Şimdi erkek seyisler düşünsün

Bu hafta Elazığ’dan İstanbul’a gelen cesur kadınlarla buluştuk. Bir kısmı üniversite mezunu, bir kısmı ise ev kadını. Hepsi çalışmak, bir meslek sahibi olabilmek ve kendi paralarını kazanmak istiyor. 6 Mart’ta başladıkları eğitimleri 6 Mayıs’ta bitecek. Nasıl azimli, nasıl cesur, nasıl heyecanlılar anlatamam... Çalışacakları günü iple çekiyorlar. Gıda, Tarım ve Hayvancılık Bakanlığı’nın başlattığı bu proje dilerim Anadolu’da yayılır ve daha çok kadınımız iş sahibi olur. Siz de okuyun atları nasıl anne şefkati ile sevdiklerini, nasıl gocunmadan ahır temizlediklerini... İşte Türkiye’nin ilk lisanslı kadın seyisleri.
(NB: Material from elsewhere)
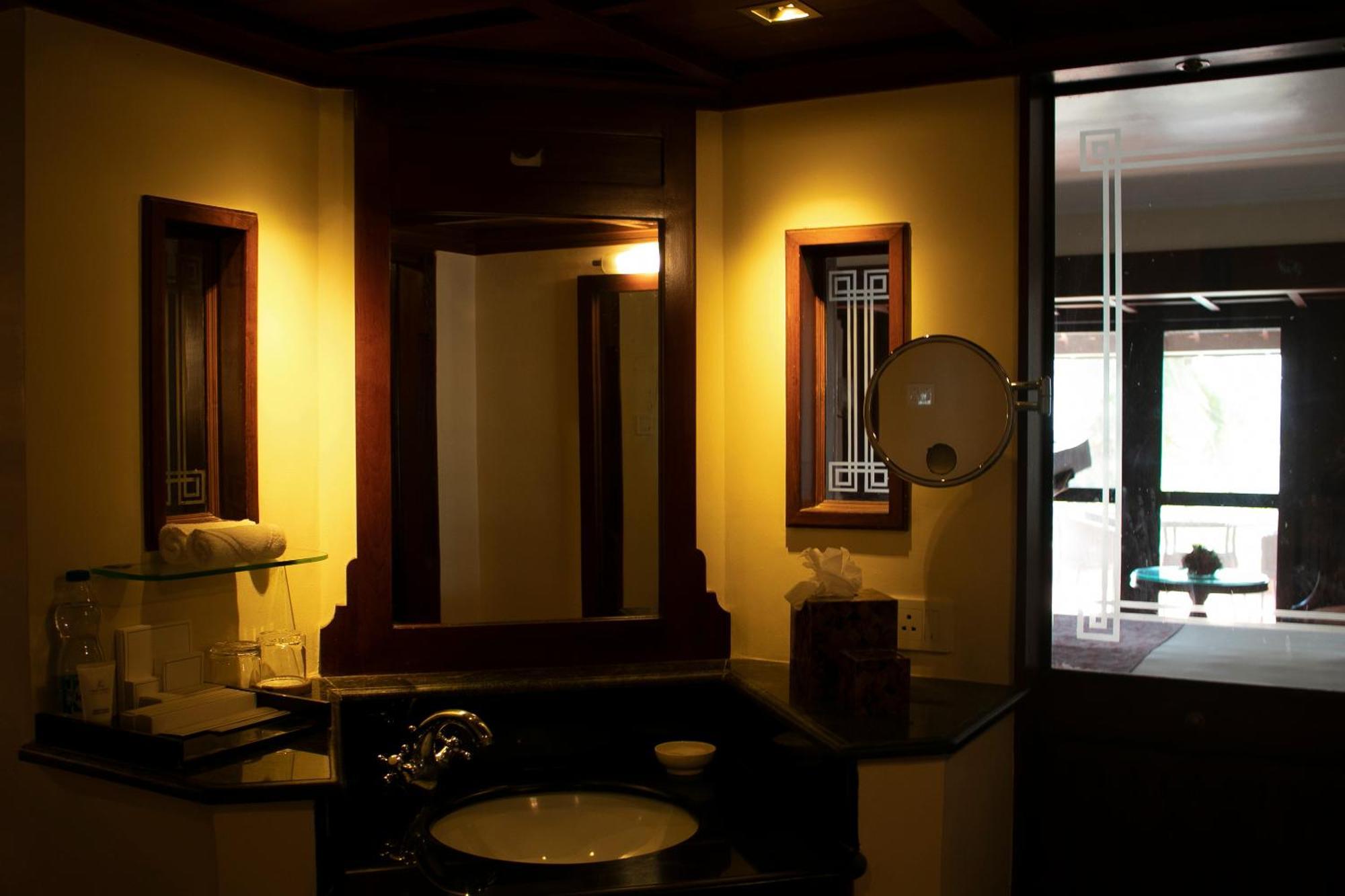 เดอะ ราวิซ โกวาลัม Hotel Thiruvananthapuram ภายนอก รูปภาพ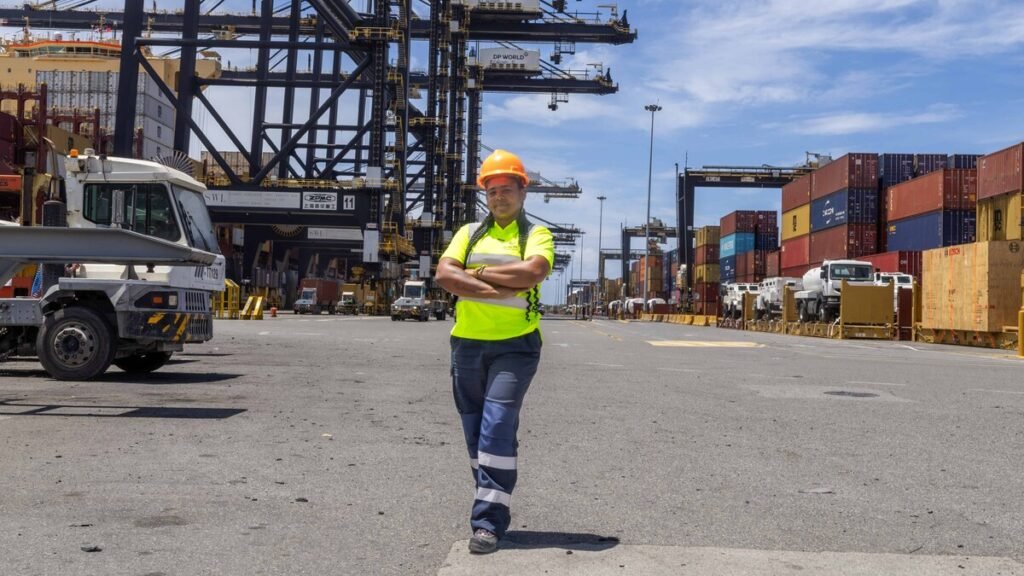 Claudia Medina, de vender palomitas a manejar un camión en DP World, muestra el costo social que aún soportan muchas trabajadoras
Elazığ’dan İstanbul’a seyislik eğitimi almak için geldiniz. Neden mesela yiyecek-içecek işi de değil de seyisliği seçtiniz?
- Zübeyde Yıldırım: Ben 26 yaşındayım. Elazığ İl Tarım Müdürlüğü ve Türkiye Jokey Kulübü’nün ortaklaşa yaptığı projeyi duydum. Yurtdışında yaygın olan fakat Türkiye’de olmayan bir şeyi yapmak istediler. Dünyada lisanslı kadın seyis sayısının fazla olduğunu ve Türkiye’de ise hiç olmadığını söylediler. Özel bir meslek oluşu ve ülkemizde ilk kez yapılıyor olması benim çok hoşuma gitti. Hayvanlara karşı büyük bir sevgim var. Böyle olunca hemen projeye katılmak için başvuruda bulundum.
- Ayşegül Kışo: Ben de Zahide’nin dediği gibi Türkiye’de lisanslı kadın seyislerin olmadığını duyduğumda çok heyecanlandım. Bir ilki başaracak olmak bana çok cazip geldi.
- Sibel Zavallıoğlu: Her zaman ilk olan şeyleri yapmayı sevmişimdir. Beden eğitimi öğretmenliği mezunuyum. Elazığ’da at biniciliği kursu açmak istiyorum. Bu işi temelinden öğrenmek istedim. Eğer atlarla birlikte çalışmak istiyorsanız önce seyisliği öğrenmeniz gerekiyor. O yüzden projeye başvurdum ve kabul edildim.
- Zülfiye Çakmak: 37 yaşındayım. Üç çocuk annesiyim. Daha önce kısa süreli olarak çalışmıştım. Ev hanımıyım. Projeyi duyduğumda hemen katılmak istedim. Eşim de katılmamı destekledi.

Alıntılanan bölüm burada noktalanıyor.